Parmi ces hommes nombreux qui viennent à lui et qui croient il faut compter probablement beaucoup d'anciens disciples du Baptiste qui habitaient cette région de "Béthanie au-delà du Jourdain", et qui avaient profité de la prédication du Baptiste avant son arrestation.

 

² Cette incursion de Jésus à l'étranger est importante aux yeux des évangélistes et de Jean en particulier. Elle indique que Jésus s'est mis à moment à l'abri des menaces qui pesaient sur lui; mais elle souligne beaucoup plus encore que Jésus reviendra volontairement au devant de la mort: quand il quittera les bords du Jourdain pour monter à Jérusalem, il le fera de son plein gré, et pleinement conscient de ce qui l'attend. Cette attitude de lucidité dans le sacrifice, Jésus l'avait décrite lui-même en parlant du bon berger: "Personne ne m'enlève ma vie, mais je la donne de moi-même; j'ai le pouvoir de la donner et j'ai le pouvoir de la reprendre: tel est le commandement que j'ai reçu de mon Père".

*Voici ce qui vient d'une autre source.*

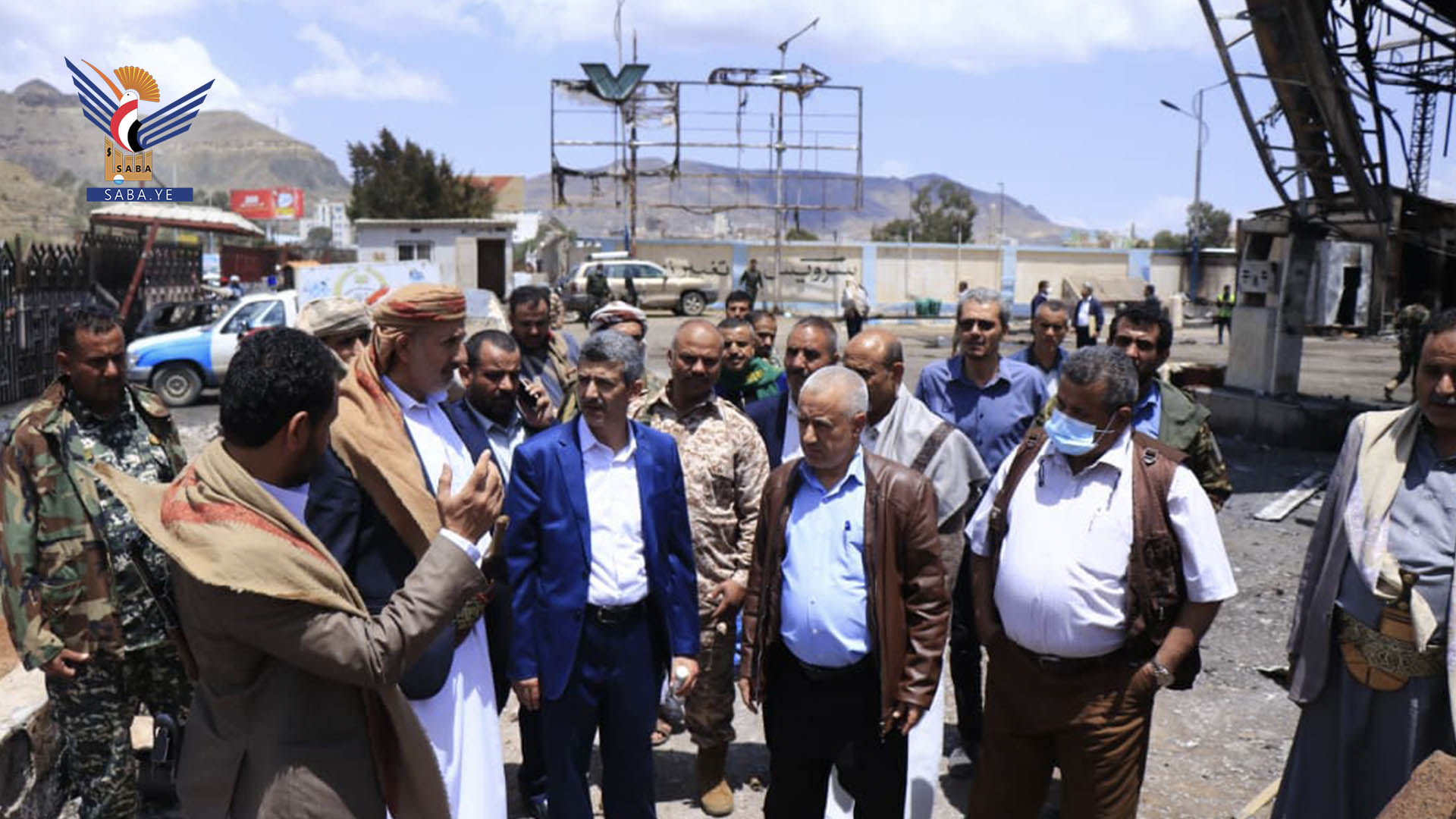 الأمير وسوار يتفقدان الأضرار في محطة شركة النفط اليمنية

La mort de Jésus ne sera donc pas un hasard malheureux, mais un acte d'obéissance à la volonté mystérieuse du Père. Jésus n'a jamais accepté qu'on lui vole sa mort tant que son heure n'était pas venue, parce qu'il voulait donner à cette mort tout son poids d'amour.

Il y a là sans doute une leçon pour nous, qui sommes toujours tentés de reprendre ce qu'une fois pour toutes nous avons donné. Nous avons livré à Dieu notre vie et notre mort, et pourtant nous crions vite comme des écorchés vifs dès que des frères ou des sœurs nous arrachent à l'improviste un lambeau de cette vie que nous avons donnée. Trop souvent nous vivons les sacrifices comme une injustice qui nous est faite, comme une souffrance qui nous est imposée de l'extérieur, et nous réagissons en victime de nos frères, comme si toute notre existence n'était pas d'avance sacrifiée, donnée, livrée à Dieu.

Il nous faut donc, surtout au temps de la Passion, regarder longuement Jésus montant à Jérusalem, Jésus lucide, Jésus courageux, afin de pouvoir dire, comme lui et avec lui: "Personne ne me prend ma vie, c'est moi qui la donne".

 

² Il y a d'ailleurs bien des manières de donner concrètement sa vie à Jésus, mais ces braves croyants d'au-delà du Jourdain nous en proposent une dans le témoignage qu'ils rendent au Baptiste, leur ancien maître: "Jean, disent-il, n'a opéré aucun signe, mais tout ce qu'il a dit de cet homme était vrai!"

Jean le Baptiste n'a rien fait d'éclatant; il n'a guéri personne, ressuscité personne. Il a seulement parlé, il a rendu témoignage à Jésus de toutes ses forces, au milieu des foules et jusque dans sa prison; mais tout ce qu'il a dit de Jésus était vrai: oui, c'était bien Jésus qui allait nous baptiser, nous plonger dans l'Esprit"; oui, c'était bien lui, l'Agneau de Dieu qui devait ôter le péché.

Quel programme pour nous! Nous ne ferons aucun miracle; seul Dieu en fera, à notre prière. Mais tout ce que nous dirons de Jésus sera vrai; vrai, parce que nous ne fausserons pas sa parole; vrai, parce que sa parole nous aura convertis avant que notre parole lui rende témoignage. 

 

 

Face à la passion de Jésus, face à Jésus bafoué, crucifié, transpercé, nous savons bien, dès aujourd'hui, comment il nous faut réagir pour être vrais, pour dire vrai au nom de Jésus. Nous savons les oui et les non que Jésus attend de nous, sans égard à toutes les complaisances d'un monde qui nous récupère. Nous savons quelle douceur, quelle paix il veut apporter au monde au creux même de notre sacrifice; nous devinons quel engagement résolu Jésus réclame de ceux qui veulent l'aimer.

 

 

"Allons, nous aussi, à Jérusalem, pour mourir avec lui" (Jn 11,16).